Basically few iterations of Gaussian Blur and Element Wise operations.

I'm testing the code on image of size 8000 x 8000 with spatialStd = 5, rangeStd = 10 / 255 and paramK = 5.
This set of parameters means the number of iterations (paramN in the code) is 8 (Gaussian Blur is done twice per iteration).
My Gaussian Blur implementation takes ~0.18 [Sec] per iteration in the settings above when tested independently.

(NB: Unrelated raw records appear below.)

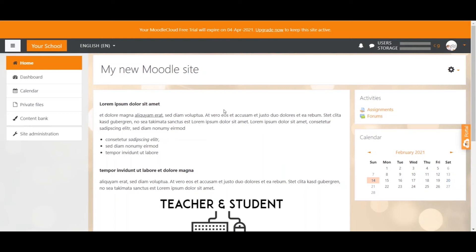Hi everybody and welcome back to this video. Today we will be discussing how users can sign up to your Moodle site, in other words how users can create an account. Firstly, it's important to understand that every user needs to create an account first before they can enroll in any of your courses.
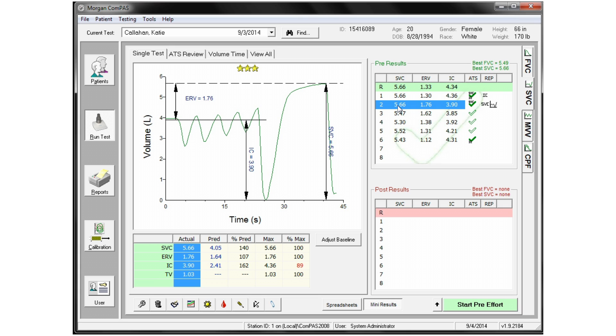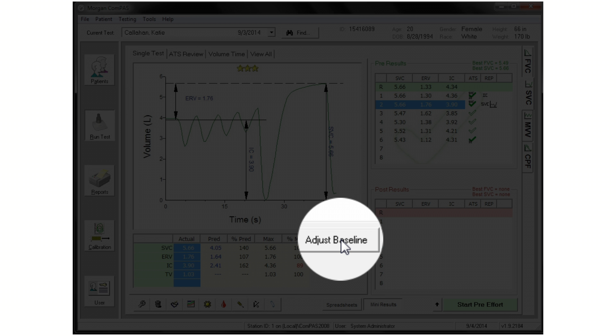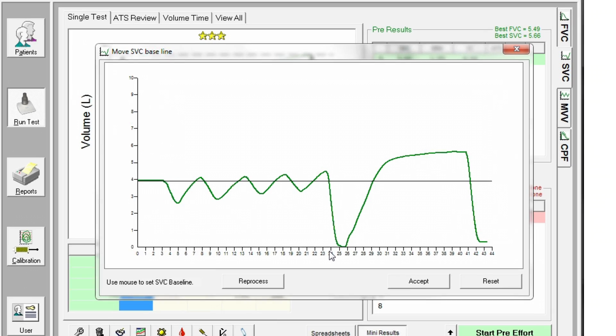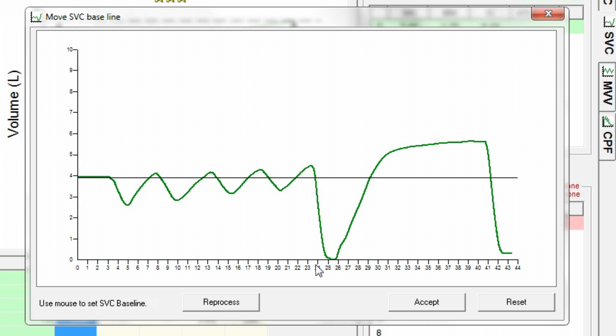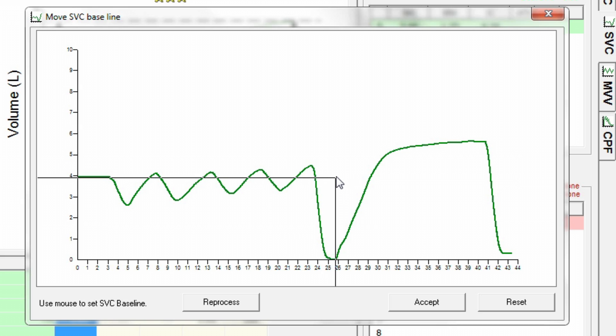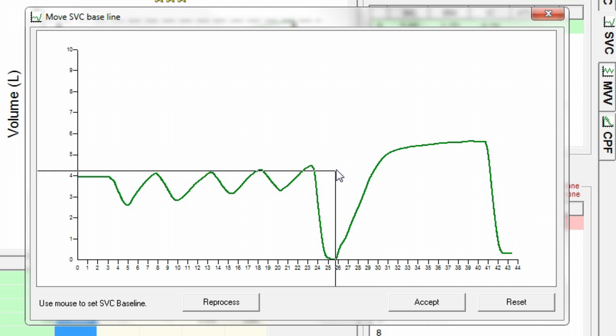If you want to change the position of the baseline, click on the Adjust button on the Mini Results screen or alternatively right-click on the SVC graphic. To move the baseline to your preferred position, simply left-click on the screen and drag the moving baseline to the new location. Once you let go of the mouse, the line will be drawn.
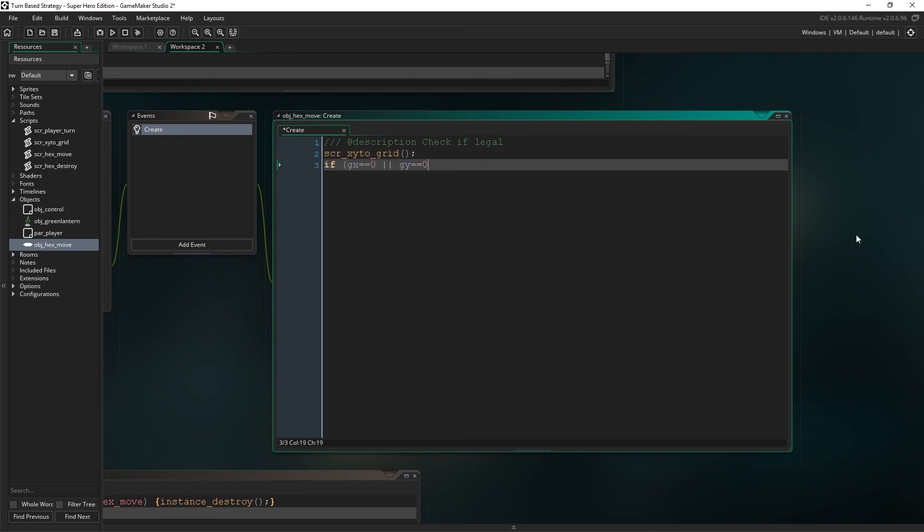Now let's come up with a solution to destroying the hexes if they are not in a legal position. So first we need to allocate the move square a grid position by running the script x to y grid. This will give the hex a gx and a gy variable containing its grid position. So first we're going to say that if gx or gy, then we will destroy the instance as if either of those values equals zero, then we know it to be in an illegal position.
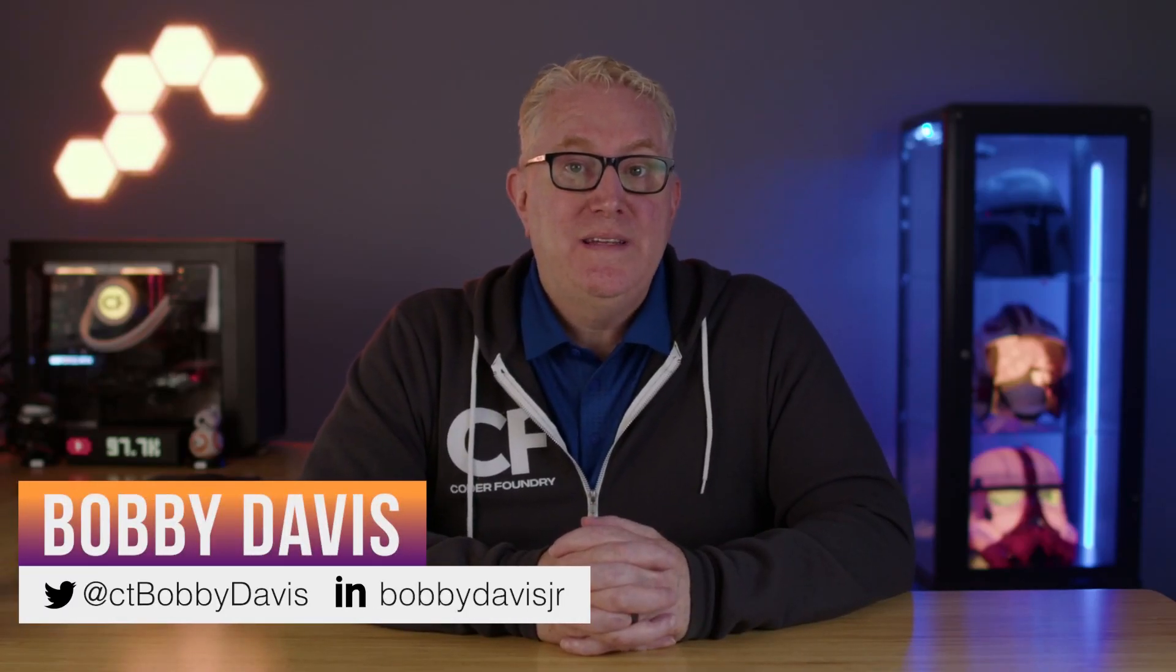Hey, Bobby here with Coder Foundry. We've recently been exploring the render modes with Blazor Movie. Today, we're going to talk about SignalR.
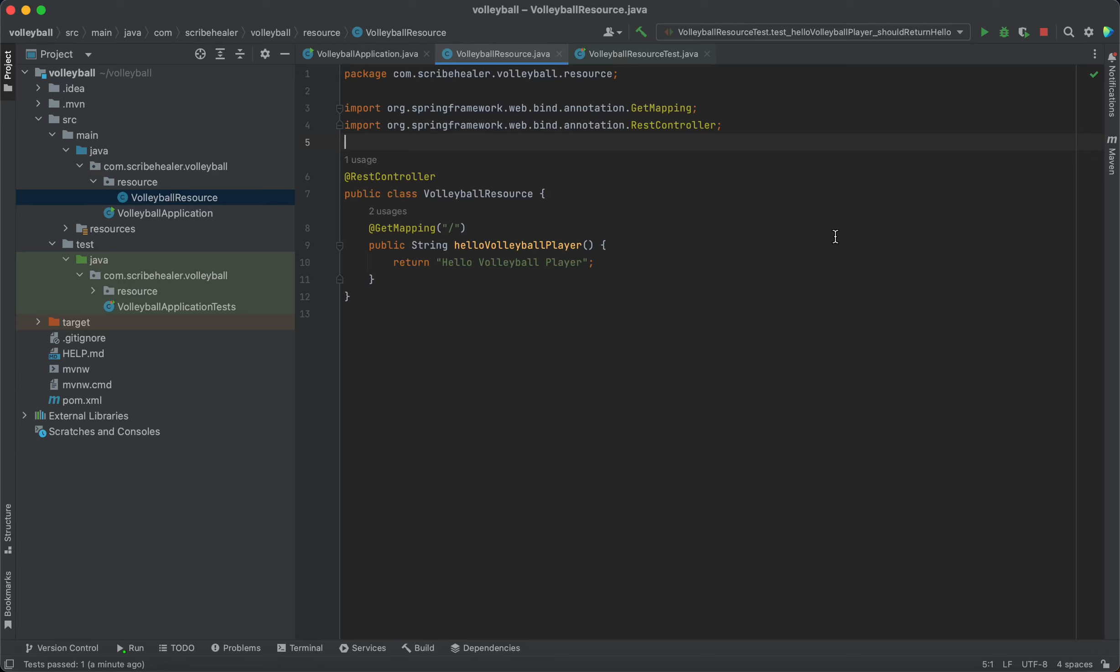So I'll show you how to add a simple unit test. Yes, it is a controller, but at the very least, it's still a function.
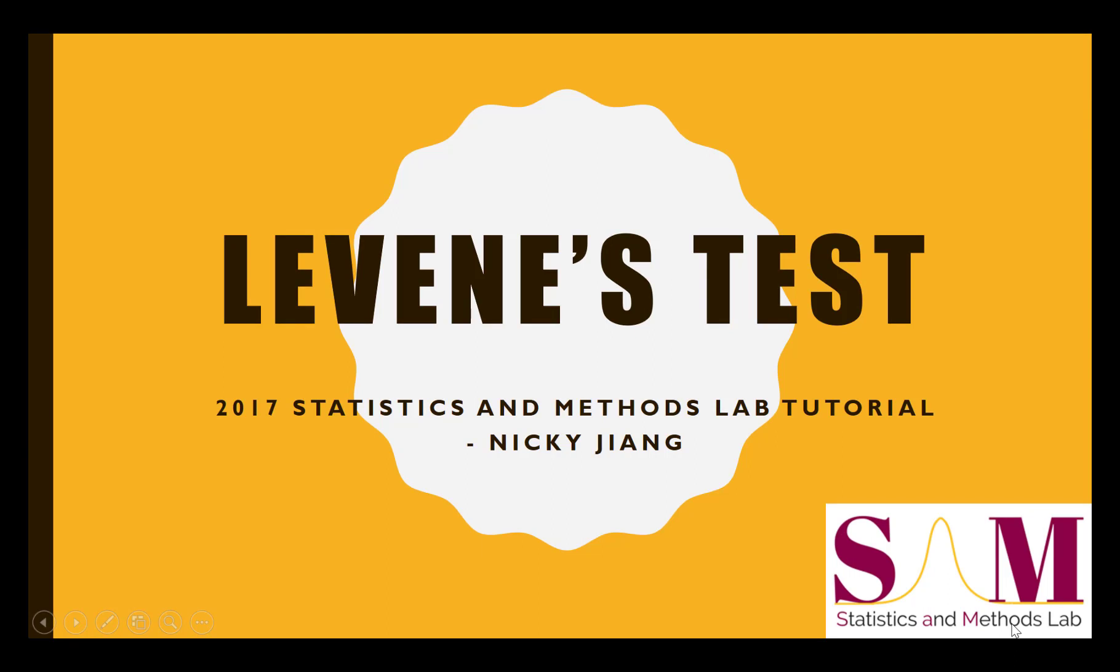Hello, and welcome to another tutorial presented by the Statistics and Methods Lab at Arizona State University, and today we'll be talking about the Levene's test. This video is based on the tutorial authored and edited by Nikki Jang. I'll be using the software package SPSS, but the general concepts we touch on today will apply to whatever statistics program your institution provides.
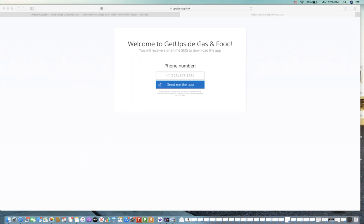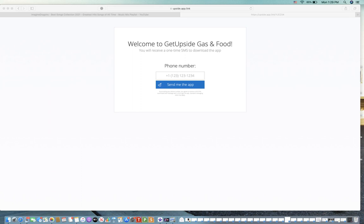As everybody knows, gas is going up like crazy right now. Here in California, it's well over $4 a gallon. With this app, which is totally free, click the link in the description and it will take you to this page here where you can have the app sent to your phone for free.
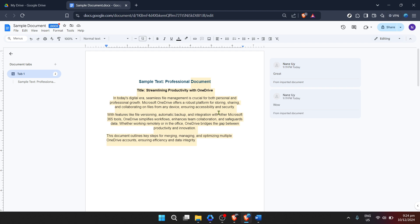In addition, sharing and collaboration are some of the strengths of Google Docs. You can easily share your document with others by clicking the Share button in the upper right corner, entering their email addresses, and assigning the appropriate permissions. Your collaborators can then access your document, make edits, and leave comments in real time, streamlining teamwork and feedback.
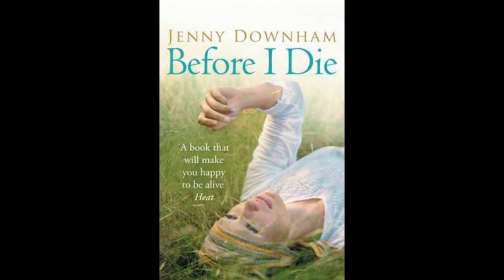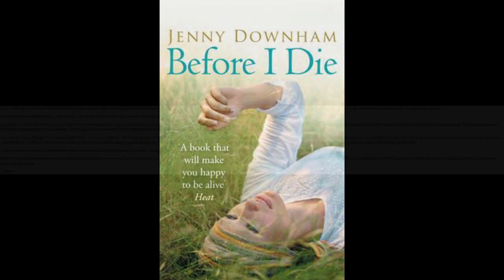Before I Die, written by Jenny Downham, read by Tasha Lewis.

The issues I'm having with the code:

  1. Per iteration, it seems the time all Element Wise operations takes more than the Gaussian Blur. It seems to me something isn't efficient with the code.
  2. Overhead - If I run the code skipping the Gaussian Blur it takes ~1.8 [Sec]. Thinking that 16 x 0.18 = 2.88 [Sec] (16 iterations of the Gaussian Blur) means I should expect run time of ~5 [Sec]. In practice I get ~ 7 [Sec]. It means there is huge overhead somewhere there.

What I've tried:

  1. Writing all small function using AVX2 SIMD intrinsics. Yet it seems I gain only 3-5% over the compiler (I use Intel Compiler).
  2. Using the #pragma vector aligned to force compiler to vectorize the code and assume no aliasing and no alignment issues. It yields results which are 3-5% slower than the hand tuned I did (See 1).
  3. Disabling OpenMP (Didn't improve).
  4. Various compilers (MSVC, GCC 7.3 / 8.1, Intel Compiler 2018 [Was best]). Results above are the best achieved (Intel Compiler). I tried -Ofast and -O3 on GCC. Using O3 on Intel. FP Precision is set to fast.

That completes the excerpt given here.